Le 24 août 2026, vers 17 h 20, une tornade a frappé Pomas, dans l’Aude, environ 1 000 habitants selon la préfecture. Le bilan communiqué mardi matin par la sous-préfète Emmanuelle Plantier-Lemarchand sur Franceinfo fait état de 39 blessés, dont une quinzaine hospitalisées sans gravité. Les vents ont dépassé 200 km/h selon Pierre Mahieu, co-fondateur de Keraunos, cité par La Dépêche. Les toitures sont arrachées, des maisons totalement endommagées.

Reprenons la facture. Pas celle des dégâts — les experts d’assurance s’en chargeront. Celle du temps.

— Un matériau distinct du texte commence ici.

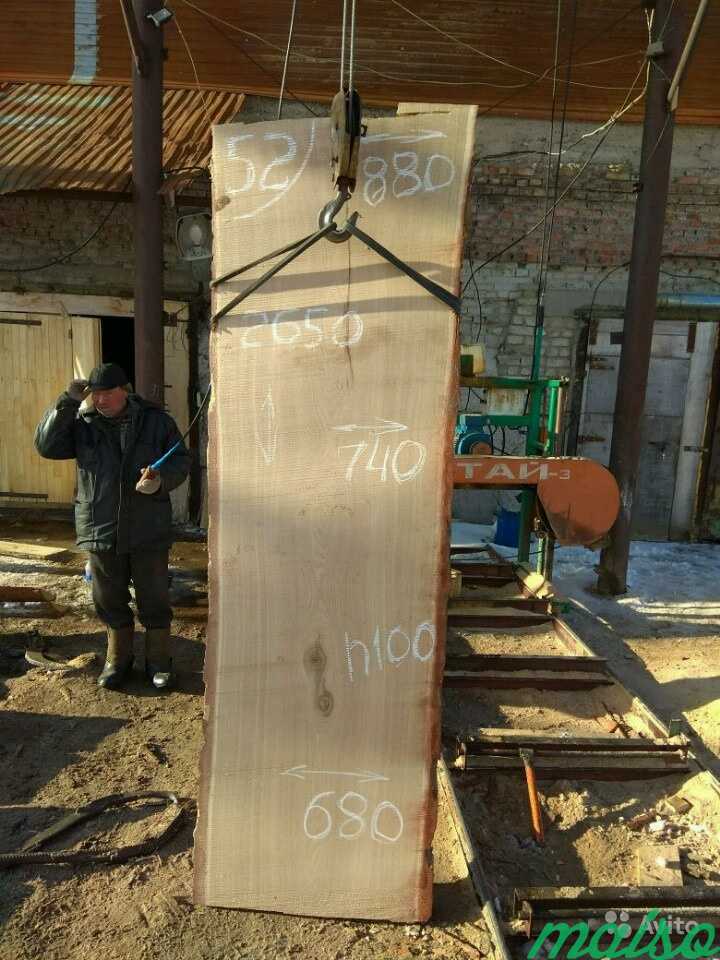 Slab массив дерево в Москве. Фото 4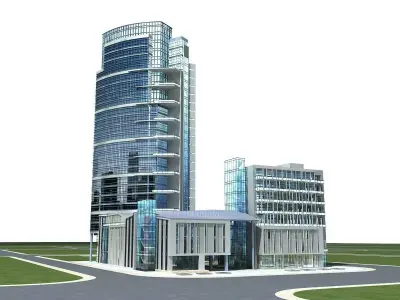 Building 51 3D model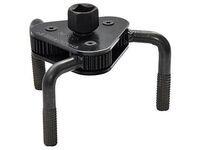 Dvojčinný tříčelisťový klíč na olejové filtry 209-0035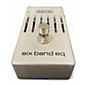 Used MXR M109S Six Band Eq Pedal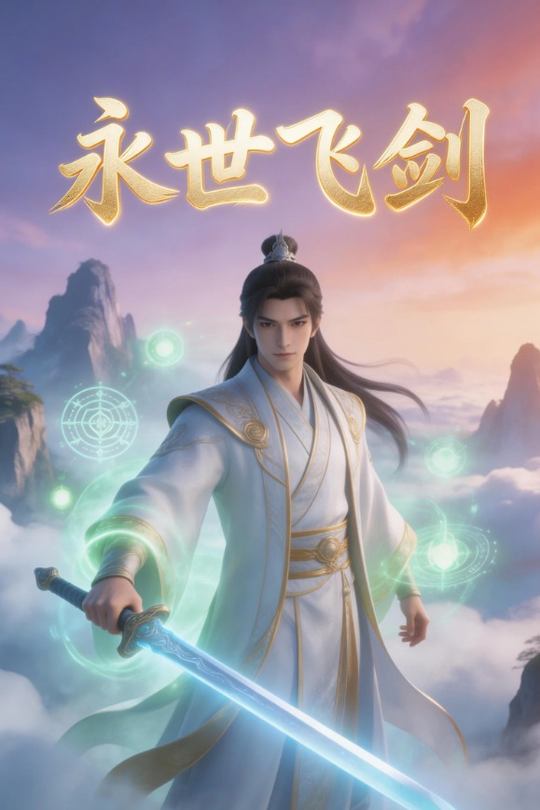 永世飞剑封面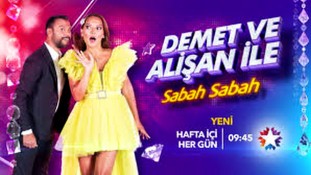 Demet ve Alişan ile Sabah Sabah başlıyor! İlk bölüm ne zaman?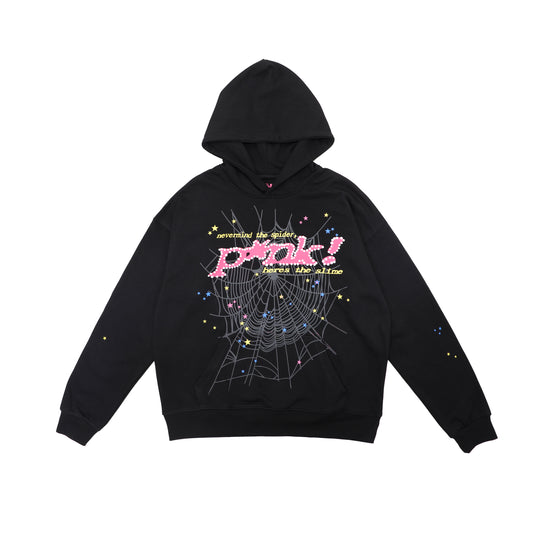 Sp5der 55 “pink!” hoodie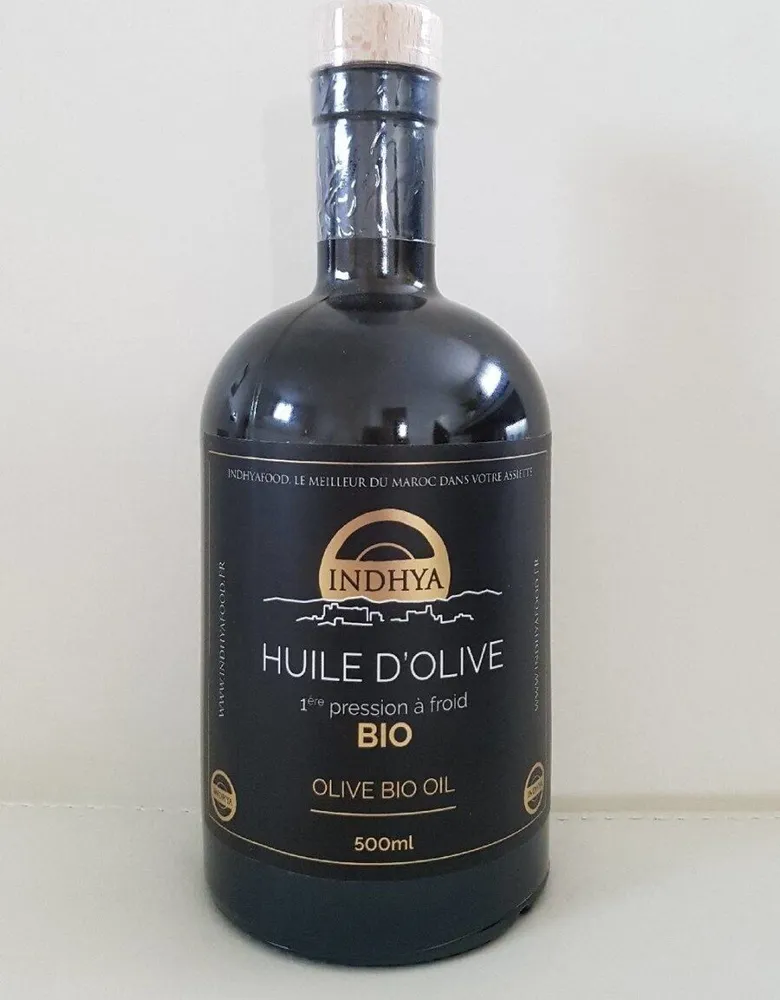 Huile d'olive bio 1ère pression à froid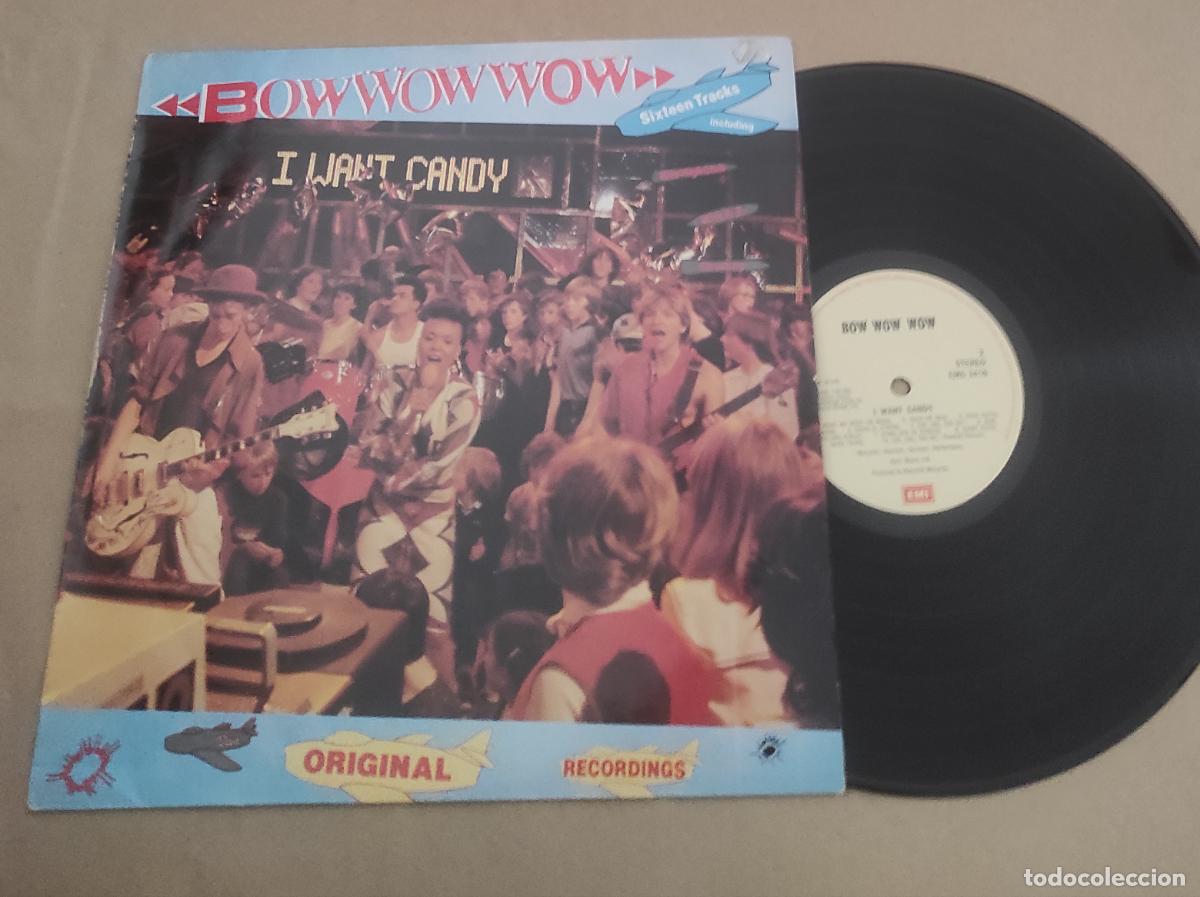 Discos de vinilo: Bow Wow Wow &ndash; I Want Candy-LP- ORIGINAL UK EDITION-1982-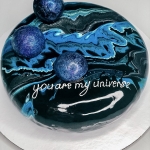 Торт космический «Моя вселенная»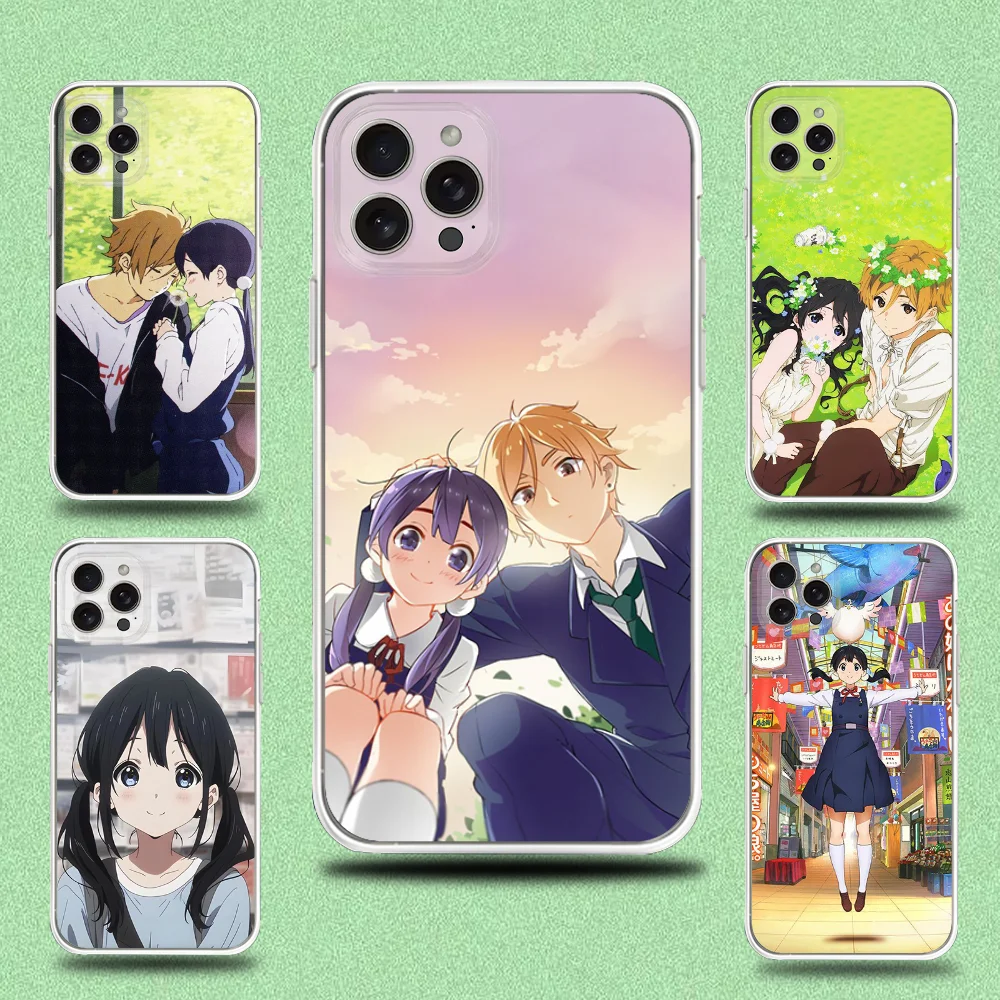 

T-Tamako Market Phone Case For iPhone 16,15,14,13,12,11 Plus,Pro,Max,XR,XS,X,7,8 Plus,SE,Mini Transparent Shell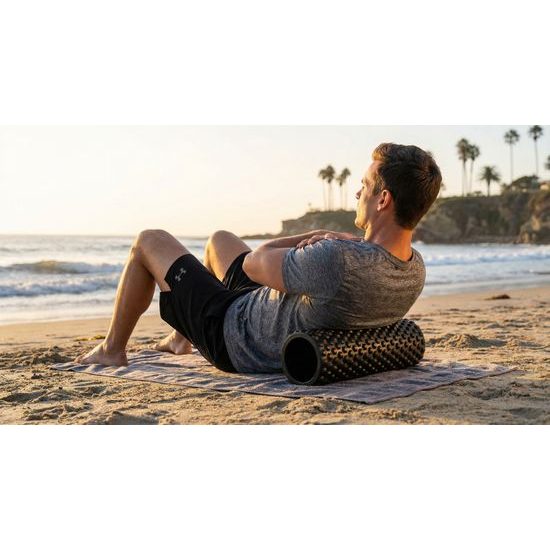 Jogový valec Sportago Tray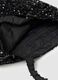 Schwarze Shopper-Tasche mit Pailletten_2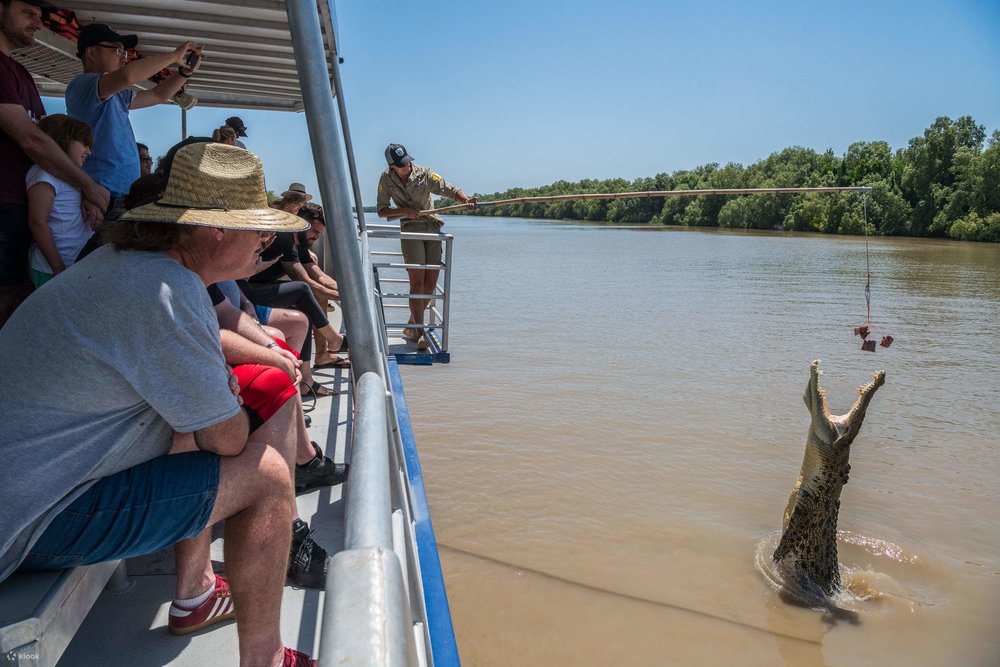 Destinations to Visit in 2025 - Jumping Crocodile Cruise Adelaide River Boat Tour Darwin Australia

La procédure commence après la catastrophe

La reconnaissance de l’état de catastrophe naturelle suit une procédure administrative précise, décrite sur service-public.fr. La commune dépose une demande auprès du préfet. Le préfet transmet le dossier à l’État. Une commission interministérielle examine les demandes. Un arrêté interministériel est publié au Journal officiel si la catastrophe est reconnue.

Les communes disposent généralement d’un délai maximal de 24 mois après l’événement pour déposer leur demande. C’est écrit.

Vingt-quatre mois. La demande de reconnaissance peut attendre deux ans.

4 449 communes par an, et un délai de 30 jours après publication

Selon les données de la Caisse Centrale de Réassurance (CCR) reprises par le Cerema, en moyenne 4 449 communes par an font l’objet d’au moins un arrêté de reconnaissance de catastrophe naturelle. Pour les inondations seules, la moyenne est de 3 120 communes par an. Depuis 1982, les inondations représentent 55 % de la sinistralité globale en métropole.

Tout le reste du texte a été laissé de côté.